Dopo le varianti inglese, brasiliana, sudafricana, nigeriana, californiana del coronavirus, entra in gioco anche quella giapponese. Ne dà notizia il Corriere della Sera.
La mutazione della proteina spike E484k, ribattezzata «Eek», sembrerebbe sfuggire agli anticorpi generati da una precedente infezione da Covid e anche ai vaccini sviluppati finora.

La notizia è arrivata da Tokio dove il 70 dei pazienti ricoverati a marzo per Covid in uno dei principali ospedali della capitale, il Tokyo Medical and Dental University Medical Hospital, sui quali è stato realizzato il sequenziamento del virus, sono risultati infettati da questa variante. Il sequenziamento è stato realizzato su 14 pazienti; 10 erano stati contagiati dal virus mutato.

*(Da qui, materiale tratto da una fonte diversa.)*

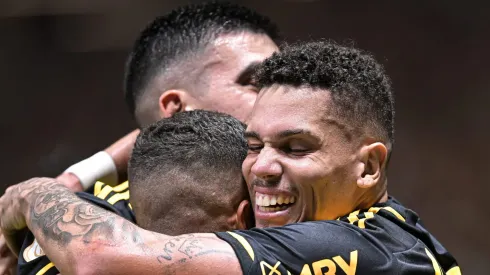 Atlético MG busca a saída de grande nome do elenco – (Photo by Pedro Vilela/Getty Images)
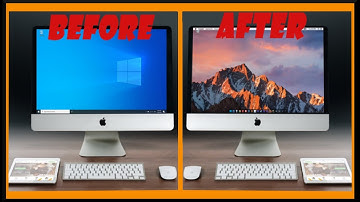 Windows to Mac: Make Windows 10 look like MacOS (2020)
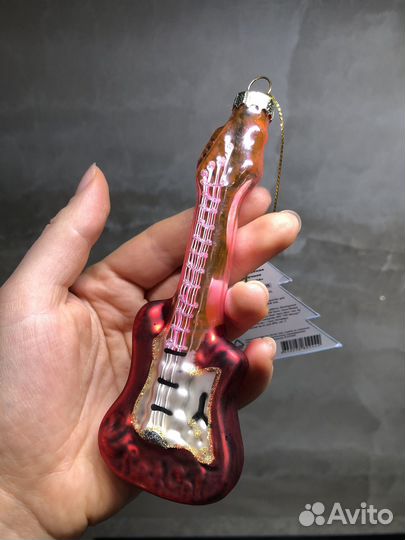 Елочные игрушки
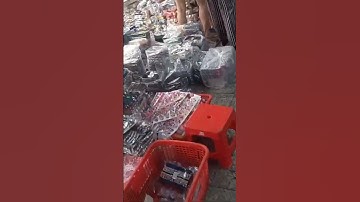 Chỉ chỗ lấy kẹp cài cột tóc giá rẻ zalo 0949.488.309 #giang_doraemon_tphcm  #shorts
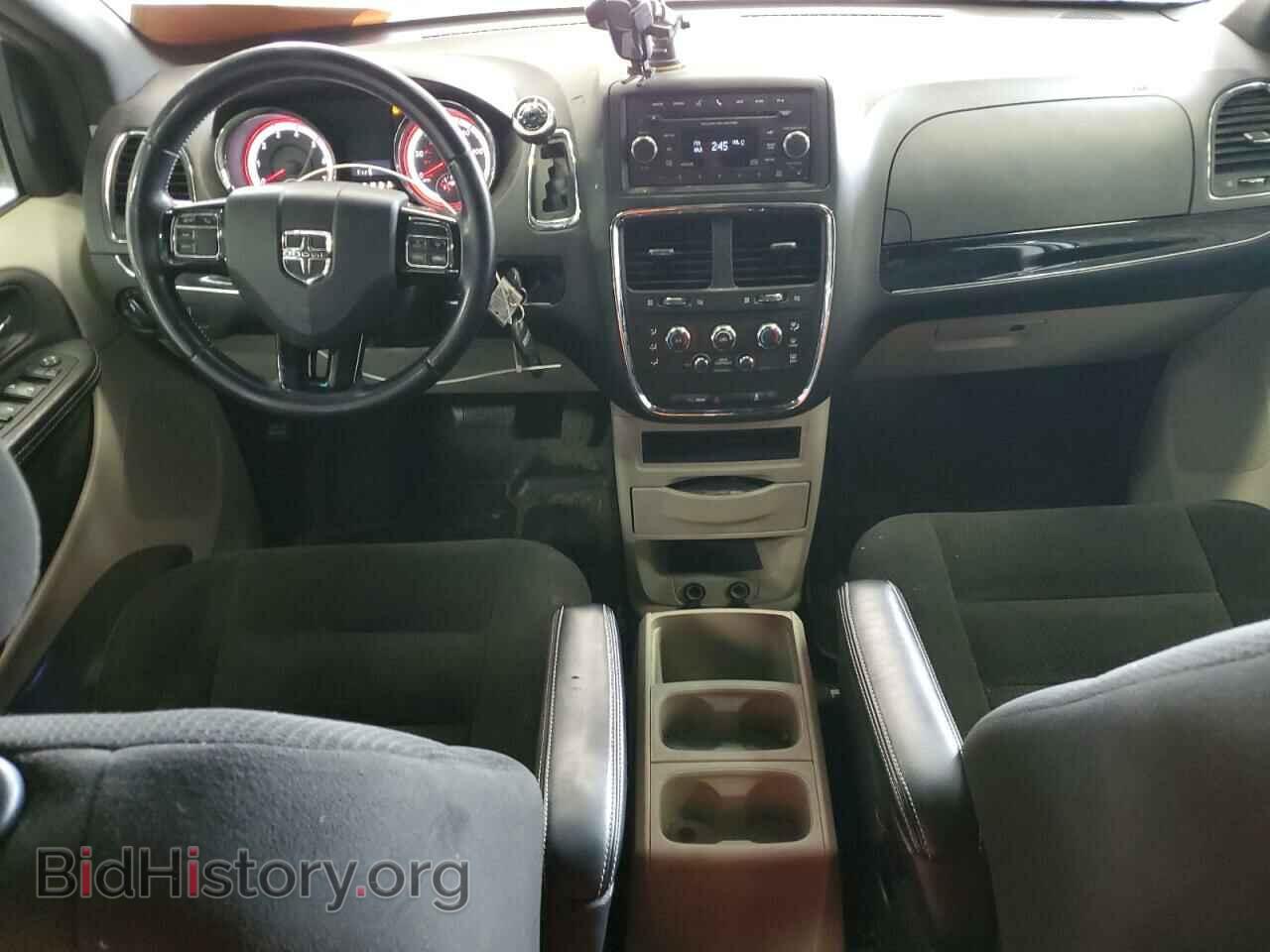 2015 DODGE CARAVAN - VIN: 2C4RDGBG9FR737811 - Фото 8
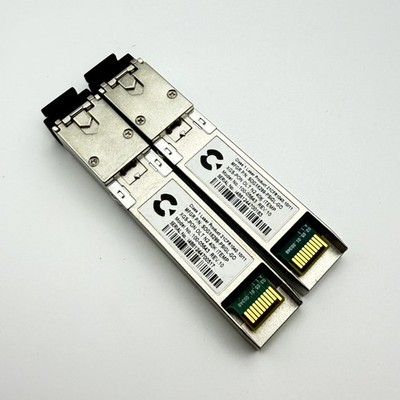 Calix 100 05643 REV10 XGS PON OLT N2 40K I TEMP SFP+ SOGX6299 PSIGL GO SC
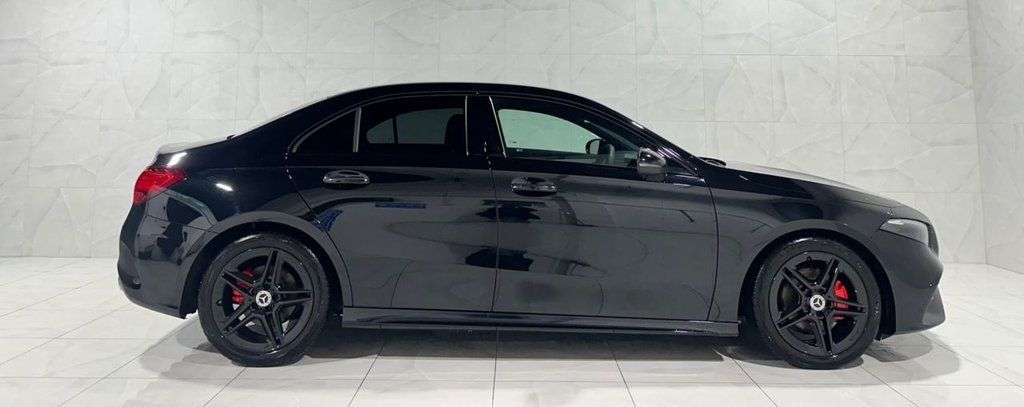 2023 MERCEDES-BENZ A CLASS 2023 MERCEDES-BENZ A CLASS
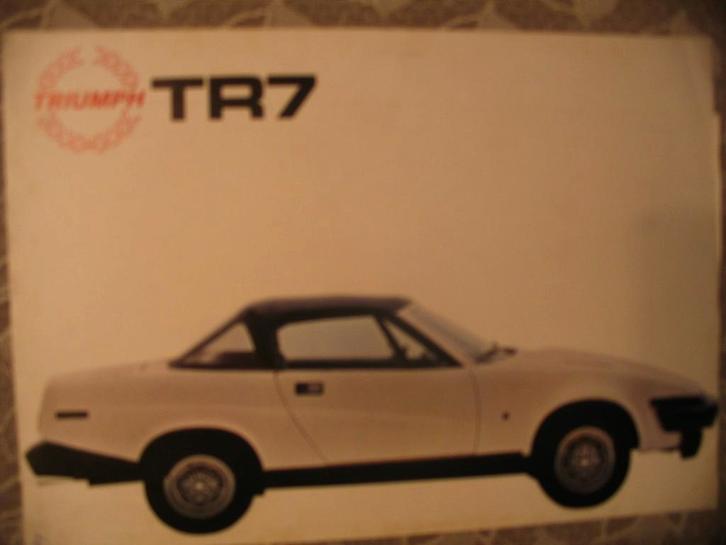 auto folder, Livres, Autos | Brochures & Magazines, Utilisé, Enlèvement ou Envoi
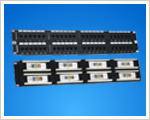 48 Ports C5E Patch PanelWB-P4802.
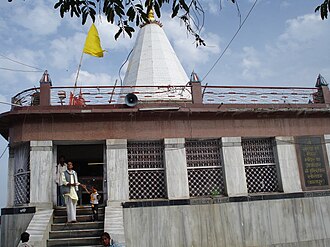 Maa Sharda Mandir, Maihar
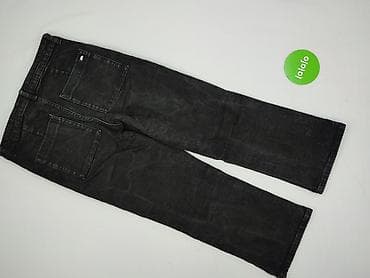 pull and bear cargo: Zara, Jeansy damskie, rozmiar M — 3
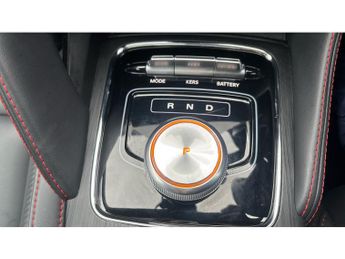 MG ZS 115kW Trophy EV Long Range 73kWh 5dr Auto Electric Hatchback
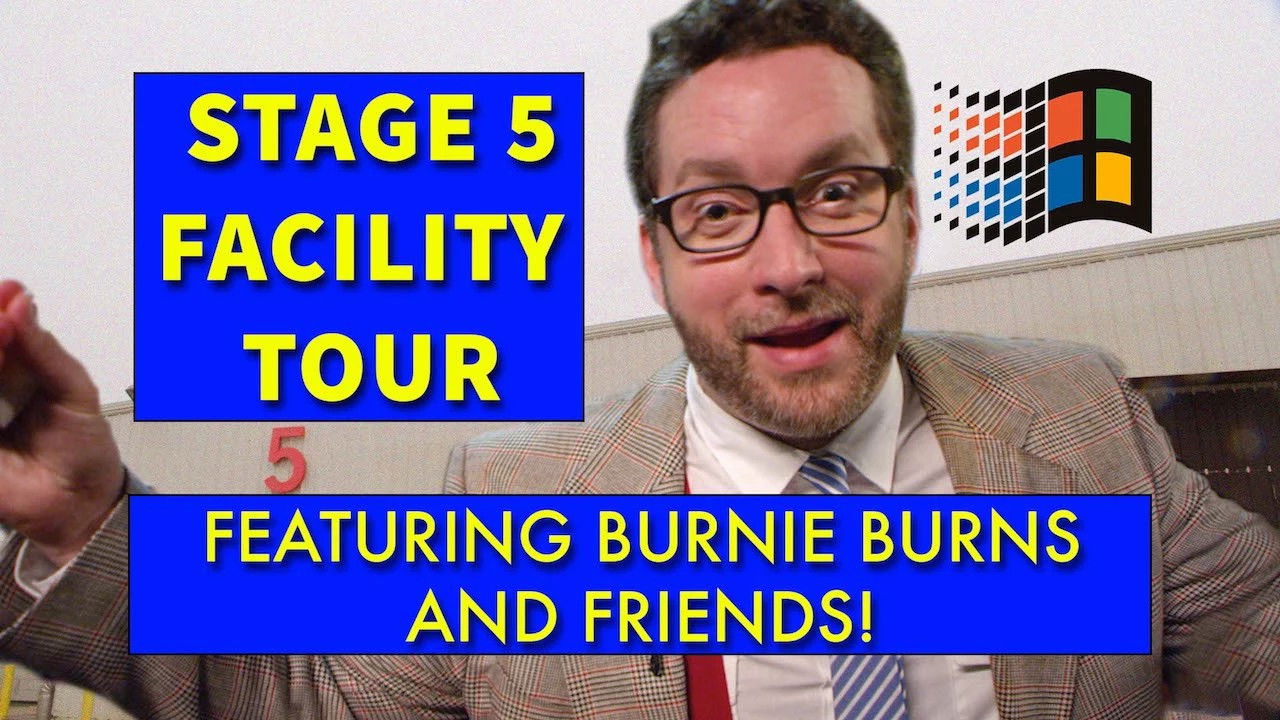 Stage 5 Facility Tour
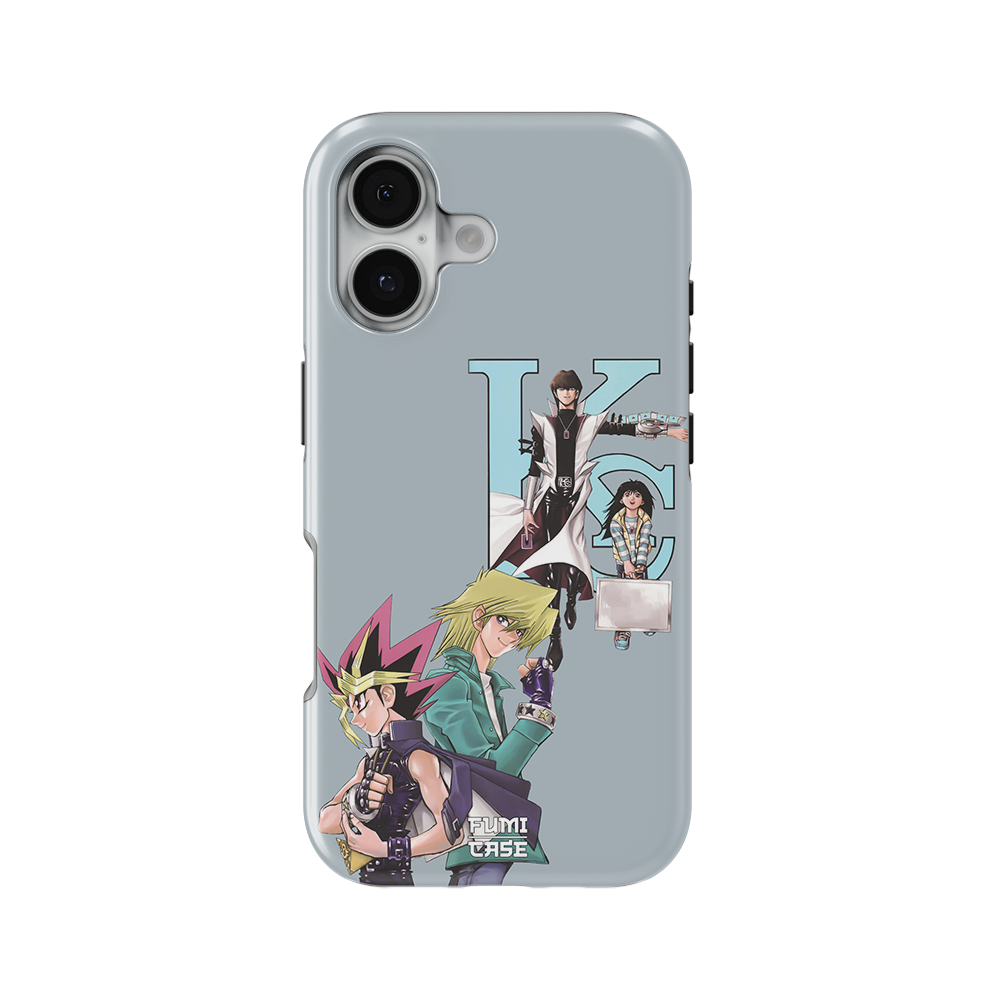 Yu Gi Oh! Core Case-Tough
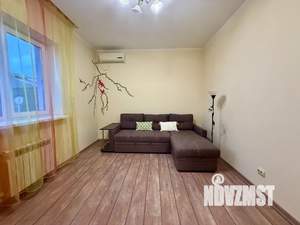 2-к квартира, посуточно, 50м2, 3/3 этаж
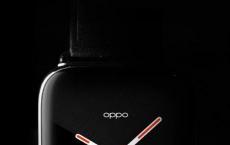 新的OPPO Smartwatch渲染图浮出水面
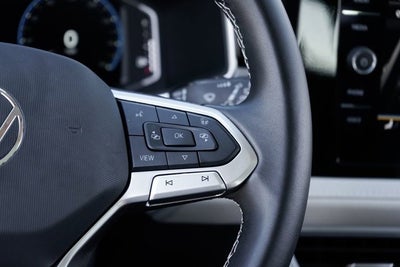 2025 Volkswagen Taos 1.5T SEL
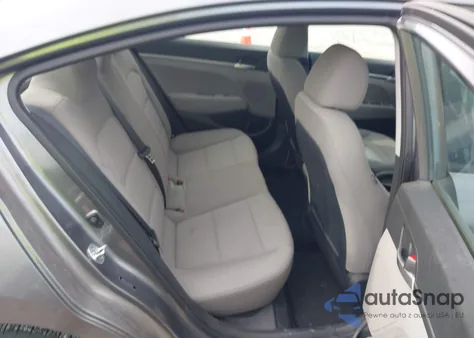 2019 Hyundai Elantra Se z USA, uszkodzony, nr VIN 5NPD74LF5KH494754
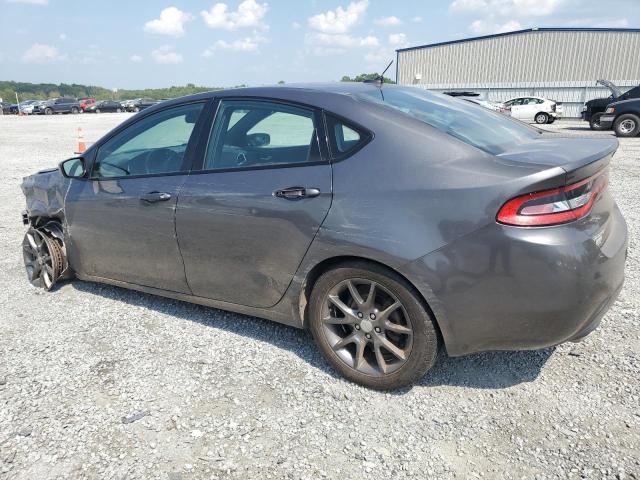  DODGE DART 2016 Szary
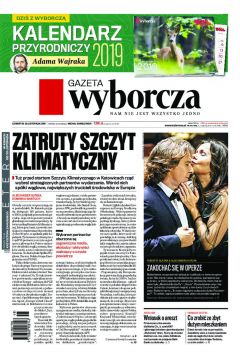 ePrasa Gazeta Wyborcza - Toru 278/2018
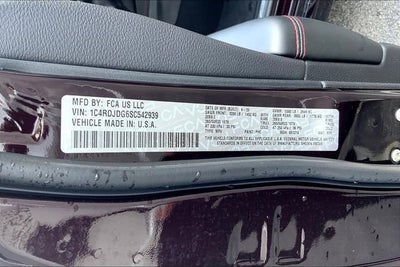 2025 Dodge Durango GT Plus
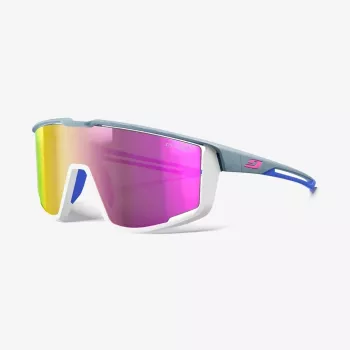 Julbo Fury Spectron 3CF akiniai pilki/raudoni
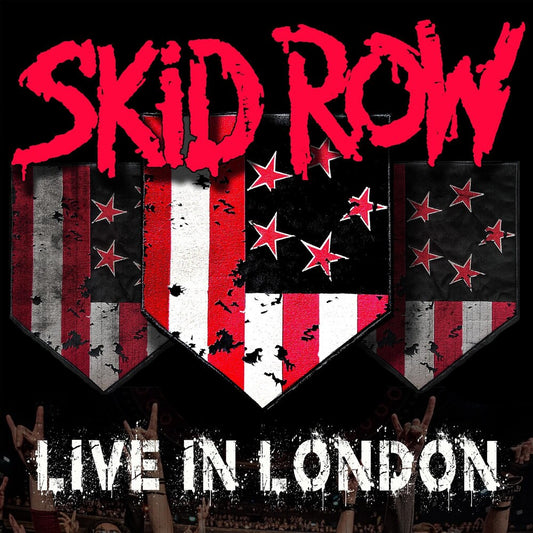 Skid Row - Live In London [VINYL] Vinyl Record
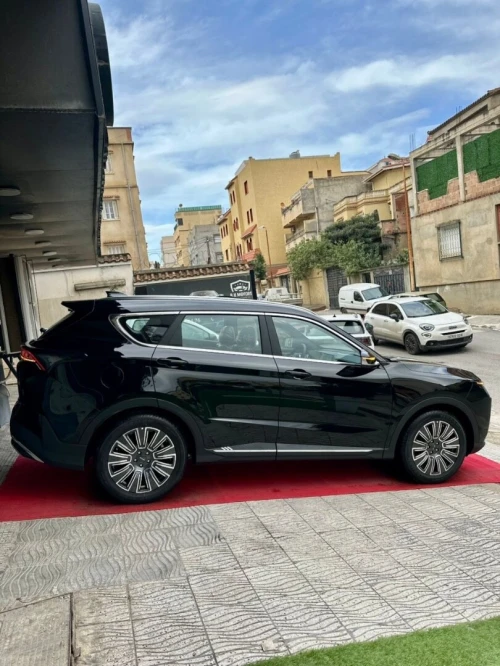 Jetour  X70 PLUS 2025 X70 plus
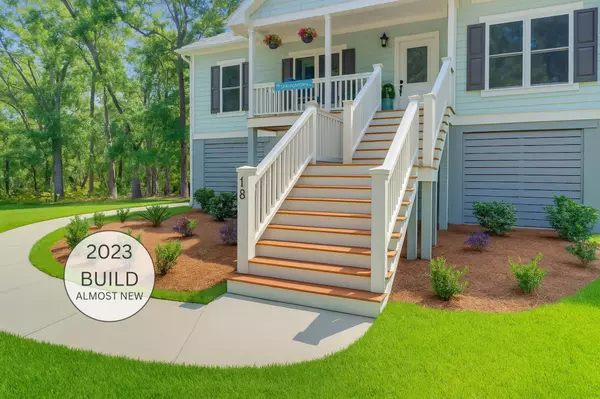 Edisto Island, SC 29438,18 Tupelo Trl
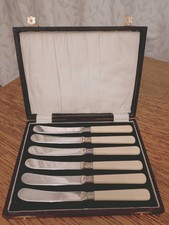 Pristine Vintage Set 6 x Faux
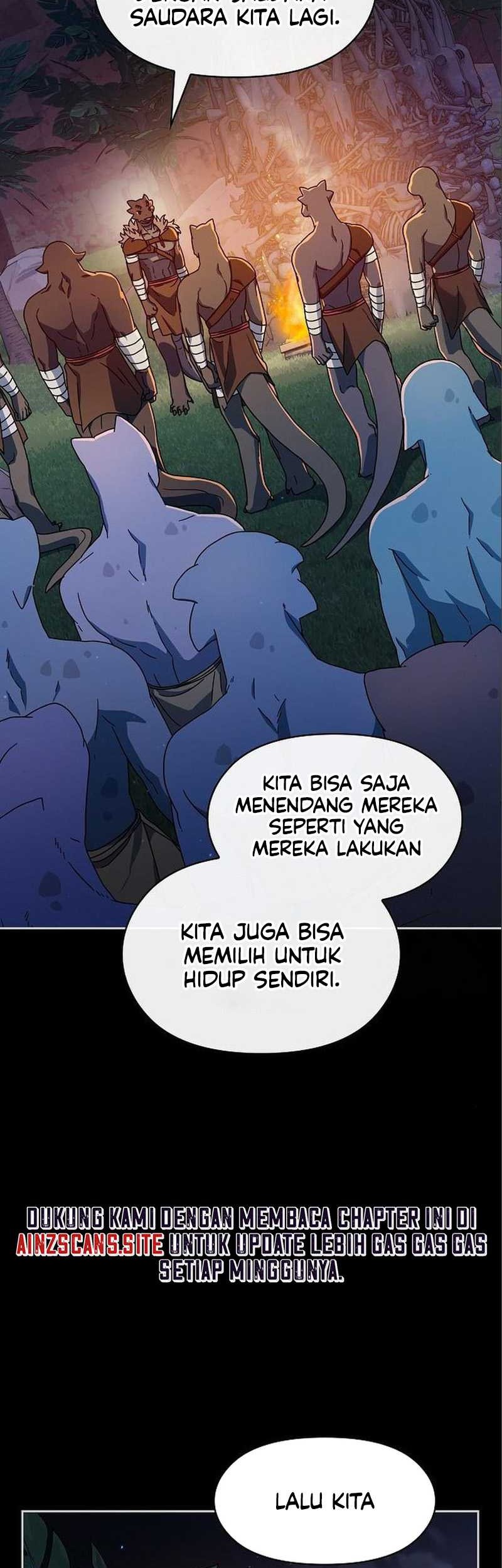 The Nebula’s Civilization Chapter 09 Gambar 35
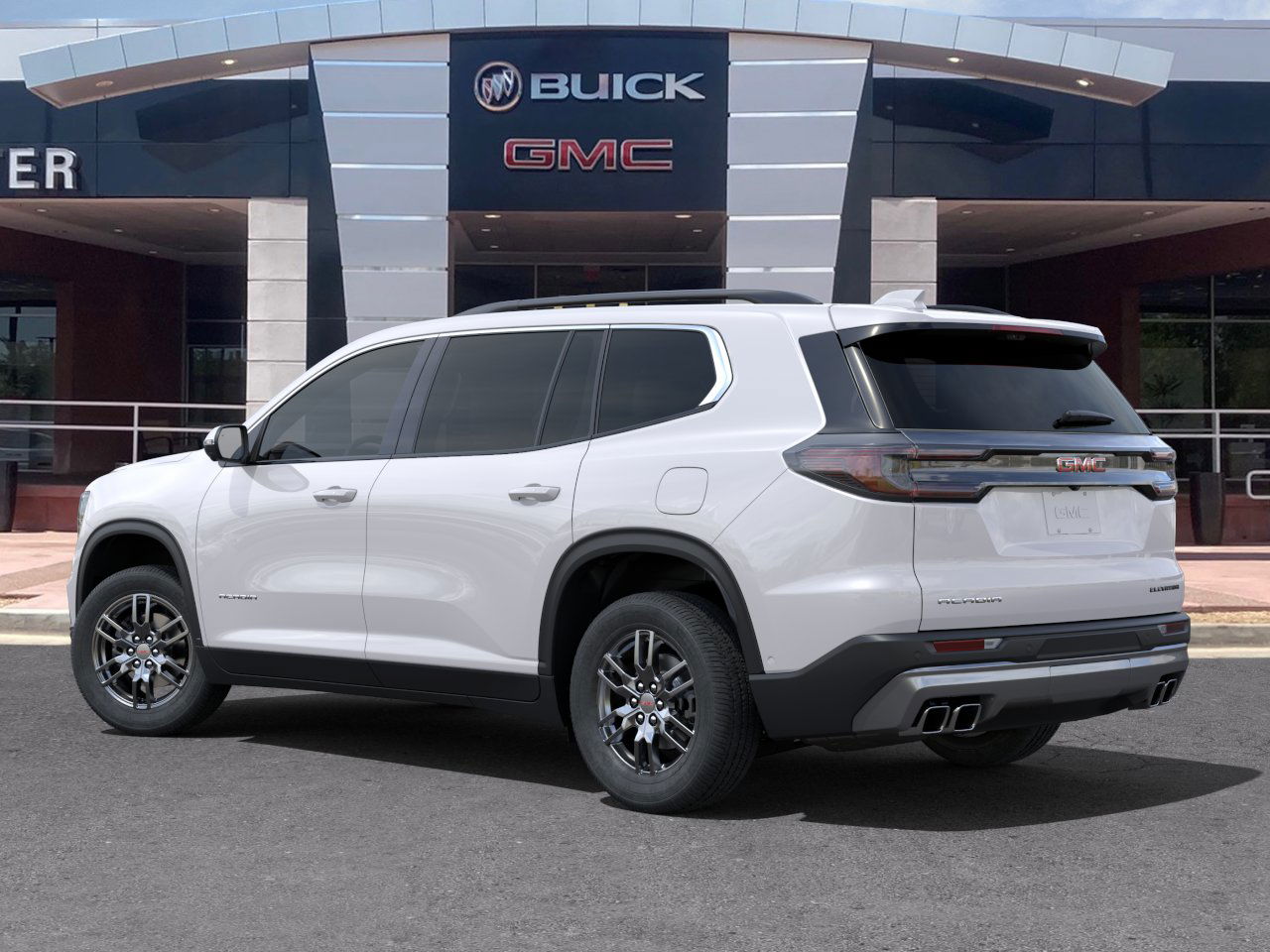 2025 Gmc Acadia Elevation photo 3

Variante che sembrerebbe proprio nata in Giappone dato che nessuna delle persone affette aveva viaggiato all’estero o era entrata in contatto con qualcuno che avesse varcato i confini nazionali (negli altri casi, nonostante i nomi — da «inglese» in poi — è pressoché impossibile stabilire con certezza dove una variante sia sorta per la prima volta).